We previously reported (here and here) on two opinions handed down by Judge Rya Zobel of the Federal District Court for the District of Massachusetts construing the discount safe harbor under the Federal health care program antikickback statute (AKS). In both cases, Judge Zobel held that the buyer’s discount disclosure requirement under the safe harbor cannot be met unless the government requests the disclosure. In other words, government action is a necessary condition of protection under the safe harbor, despite the fact that the government typically does not request such documentation. There have been noteworthy developments in both of these cases.
In one of the cases, United States ex rel. Herman v. Coloplast Corp., et al. (Case 1:11-cv-12131-RWZ), the United States filed a Statement of Interest on October 6 that includes a footnote directly refuting Judge Zobel’s interpretation. In footnote 2, the government states “if the Secretary or a State agency requests disclosure, the buyer must provide the requested information to retain protection under the safe harbor. If, however, the Secretary or a State agency has not requested disclosure, safe harbor protection remains available if all other requirements are met. . . .” (emphasis added). The DOJ’s view is consistent with that expressed by PhRMA in its amicus brief, and is also consistent with the long standing position of the OIG. One can only hope that the DOJ and PhRMA will succeed in enlightening the Court on the proper interpretation of the discount safe harbor’s disclosure requirement.
Less helpfully, the DOJ reiterated the position set forth in its previous Statement of Interest in this case that, “if a reduction in price is conditioned on more than a simple purchase, it is not a mere discount” and therefore is not eligible for protection under the discount safe harbor.

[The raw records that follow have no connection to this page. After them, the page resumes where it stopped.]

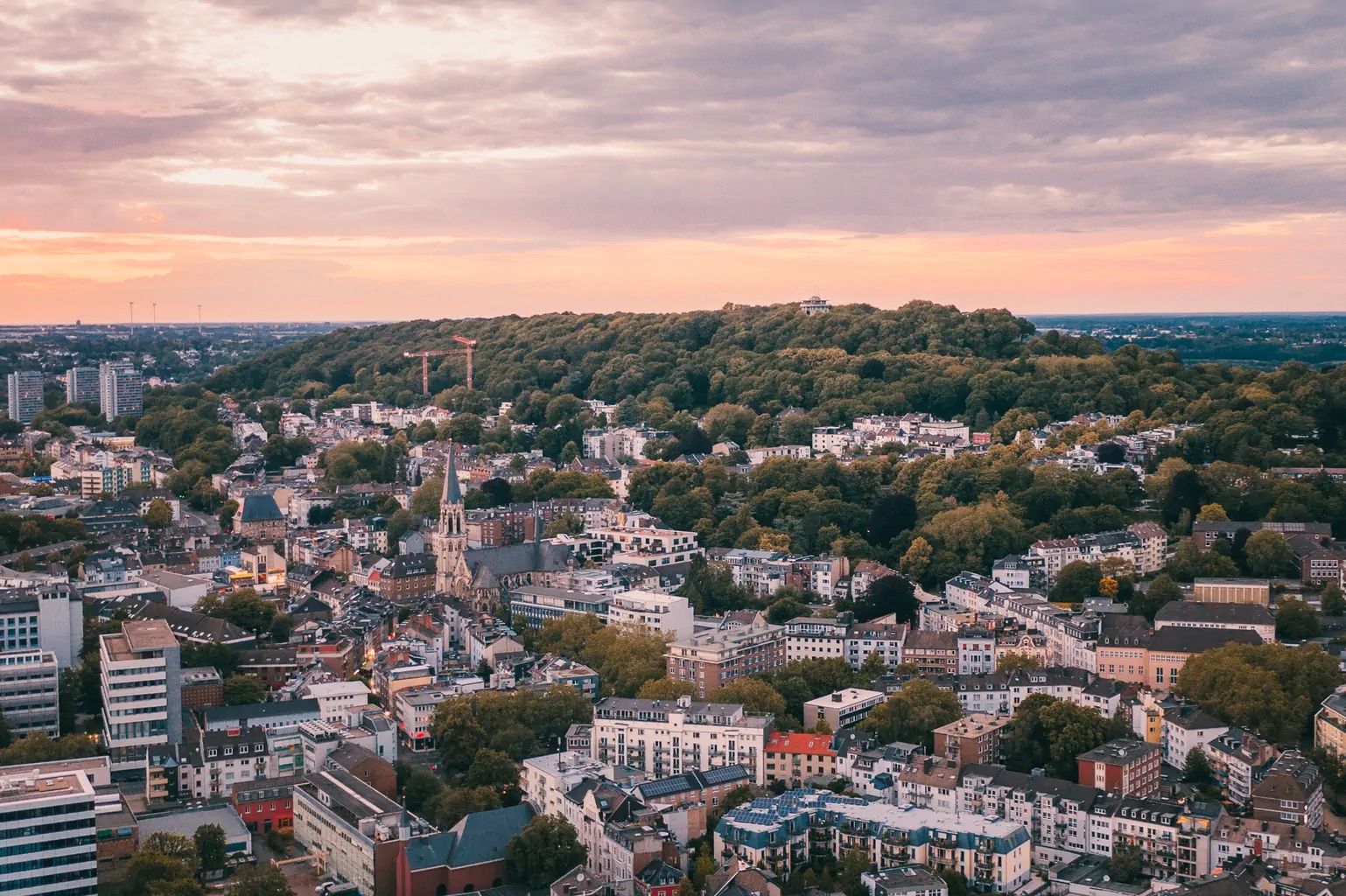 Luftaufnahme von Aachen mit dem Lousberg in der Abenddämmerung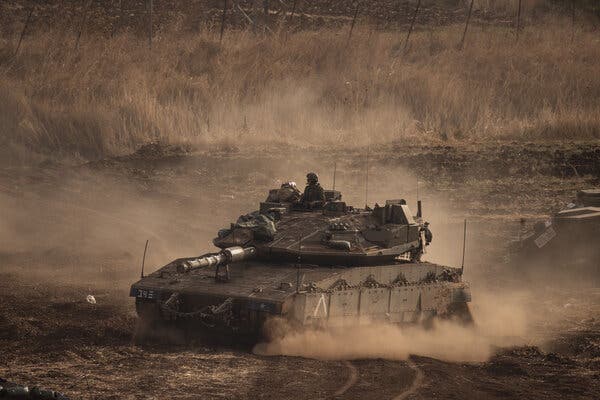 A figure in military gear rides atop a tank on dusty terrain.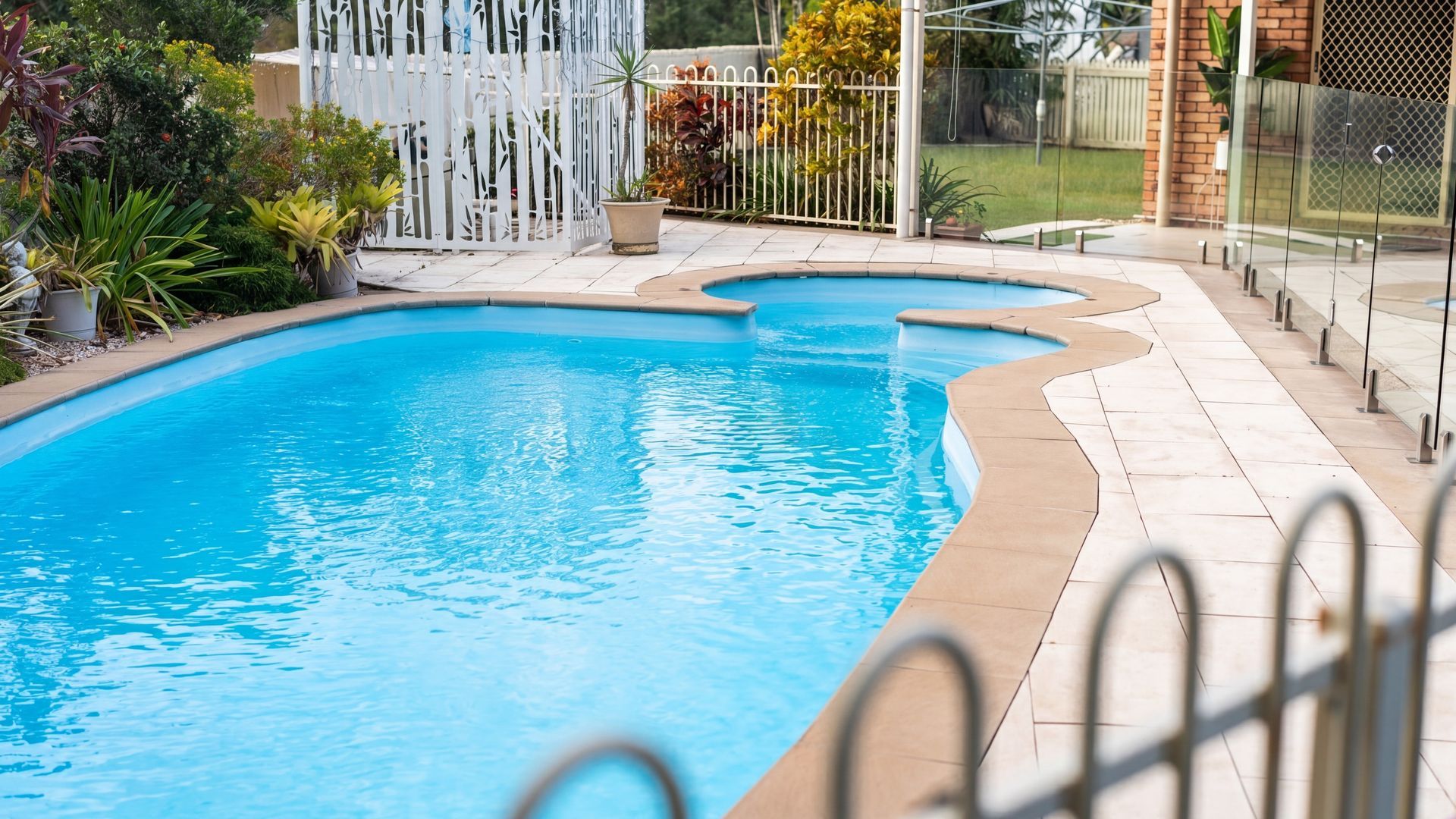 A swimming pool with a curved edge, surrounded by a tiled deck and a white decorative fence.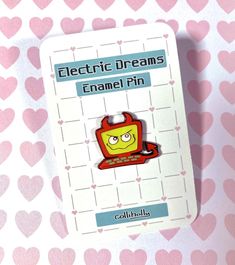 an electric dreams enamel pin on a pink and white background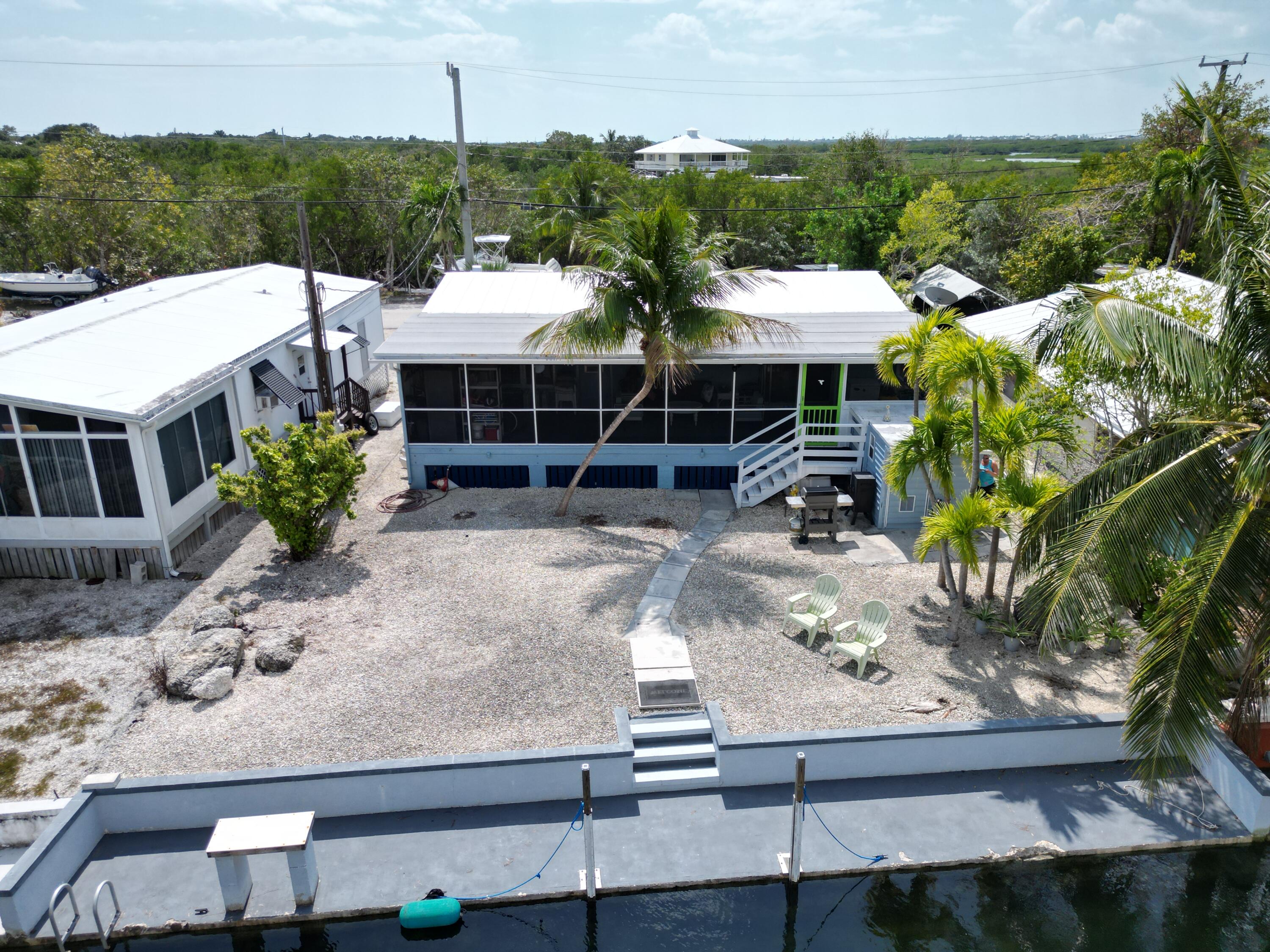 27853 Coral Shores Road Summerland Key, FL 33042 - Photo 38 of 47 a view of a house with backyard and sitting area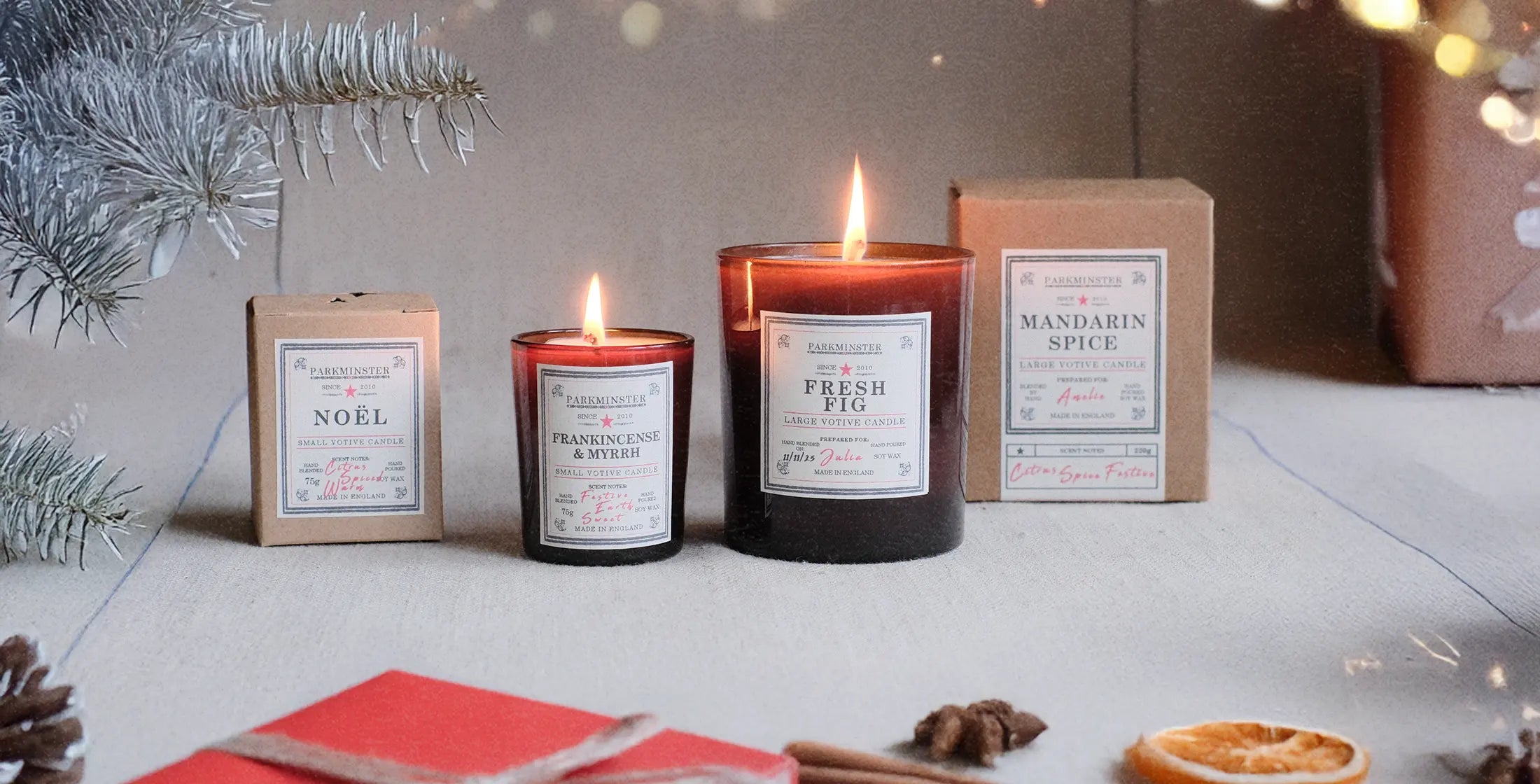 Handmade Parkminster Large and Small Votive candles glowing warmly at Christmas – natural soy wax and essential oil candles, ideal festive gifts for family and friends.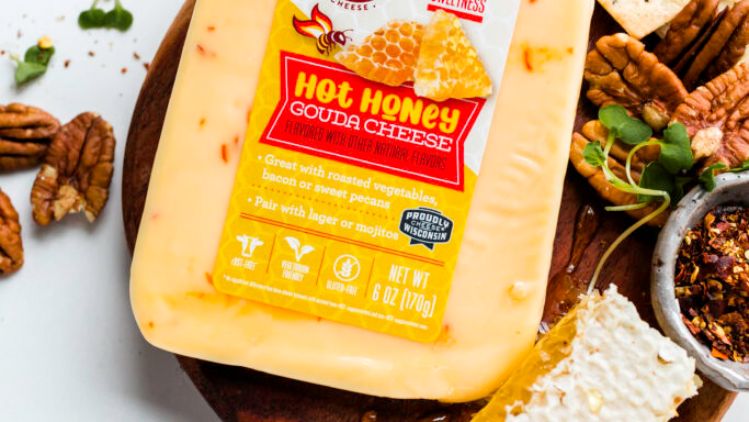 A block of Roth Hot Honey Gouda cheese displayed on a wooden board alongside honeycomb, pecans, crackers, sliced cheese, herbs, and seasoning, creating a vibrant and appetizing cheese‑board presentation.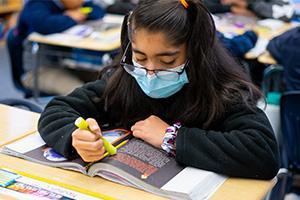 Student wearing a facemask reading a textbook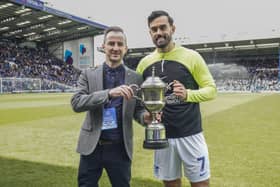 Marlon Pack, right, is presented with The News' Pompey Player of the Season award by Jordan Cross ahead of today's game against Wigan at Fratton Park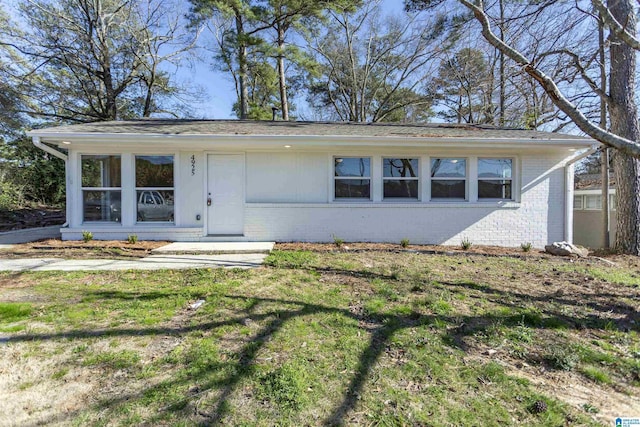 view of front facade featuring a front yard and brick siding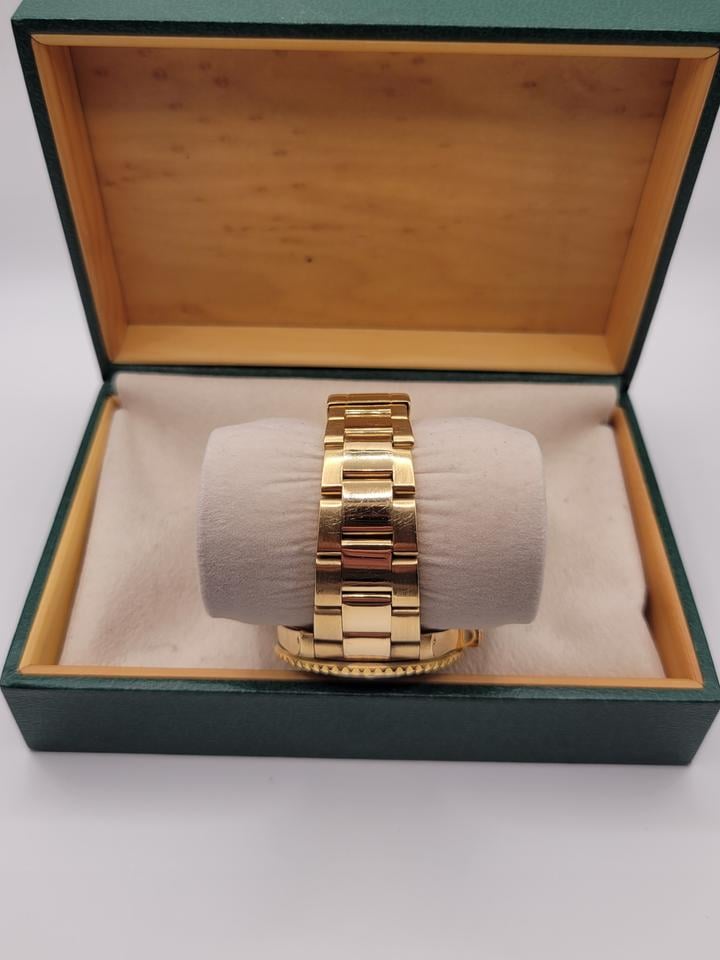 Submariner Date automatic luxury watch with black dial and yellow gold bracelet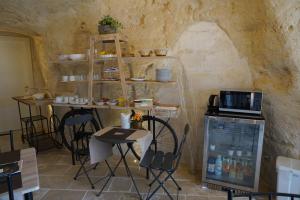Reštaurácia alebo iné gastronomické zariadenie v ubytovaní 5 Elementi Sassi Matera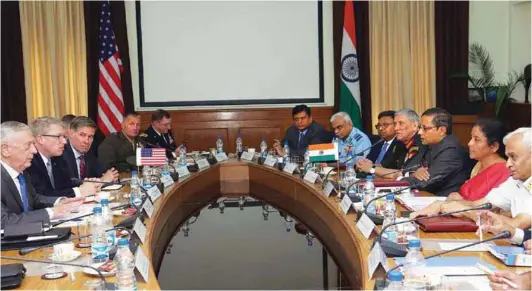  ??  ?? (Above) Defence Minister Nirmala Sitharaman leading the Indian delegation during the bilateral meeting with the US Secretary of Defence, James Mattis on the sidelines of the 2+2 dialogue in New Delhi; (Right, Top) Prime Minister Narendra Modi with the US Secretary of State, Michael R. Pompeo and the US Secretary of Defence, James Mattis, External Affairs Minister Sushma Swaraj and Defence Minister Nirmala Sitharaman; (Right, above) US Secretary of Defence Mattis and Defence Minister Sitharaman exchanging the documents after signing the COMCASA during the 2+2 Bilateral Dialogue between the two countries in New Delhi.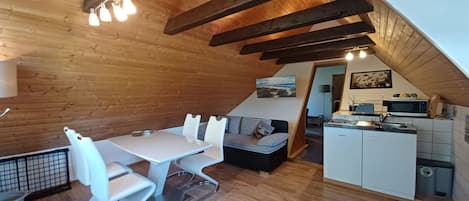 Ein gemütliches Zimmer im Mansardenstil mit Esstisch, Stühlen, einer Sitzecke und einer Küchenzeile.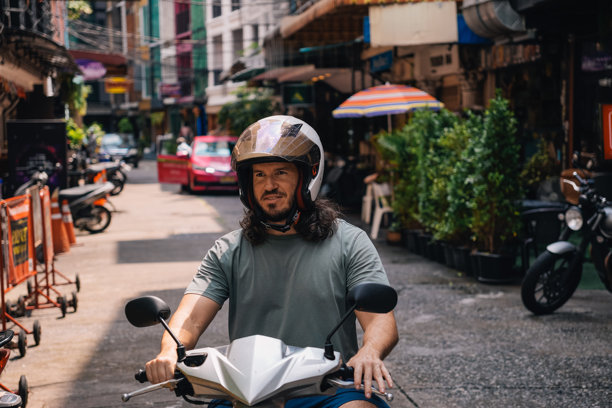 中年男子在东南亚戴露脸头盔驾驶摩托车的横版照片图片下载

According to the DOJ, “[n]othing in the AKS or HHS-OIG regulations suggests that a manufacturer and a distributor can hide a personal services contract within a discount, particularly a discount based on volume or market share.”
We wonder how the DOJ’s interpretation applies to manufacturer formulary rebates that are ubiquitous in both commercial and Medicare Part D plans, under which manufacturer rebates are conditioned not simply on purchases but also on the payor providing certain services – i.e., maintaining a specified formulary status for the drug and enforcing the plan formulary. Under the DOJ’s restrictive view, these rebates presumably would not be eligible for protection under the discount safe harbor. The DOJ’s interpretation might also exclude many value-based purchasing arrangements that are gaining momentum in the marketplace as cost-saving measures, such as performance-based rebates triggered by specified clinical outcomes, rather than simply purchases. Indeed, CMS is proposing to initiate value based purchasing models under Medicare Part B. It is uncertain whether the DOJ’s restrictive interpretation of the discount safe harbor could subject these arrangements to liability under the AKS.
In the second case before Judge Zobel, United States ex rel. Banigan v. Organon USA, Inc., et al. (Case 1:07-cv-12153-RWZ), defendant Omnicare filed a reply brief on October 7 in further support of its motion for reconsideration or interlocutory appeal. Omnicare is challenging Judge Zobel’s interpretation of the disclosure requirement of the discount safe harbor, discussed above. Omnicare’s brief correctly notes that the ability of manufacturers and their customers to enter into discounts and rebate arrangements depends on the availability of the discount safe harbor. Citing to our September 14 blog post, Omnicare adds that “the Court’s interpretation of the [discount safe harbor’s] second prong ‘eviscerates the safe harbor, rendering it virtually useless’ to charge-based providers.” We will continue to closely follow the Organon and Coloplast cases in this blog.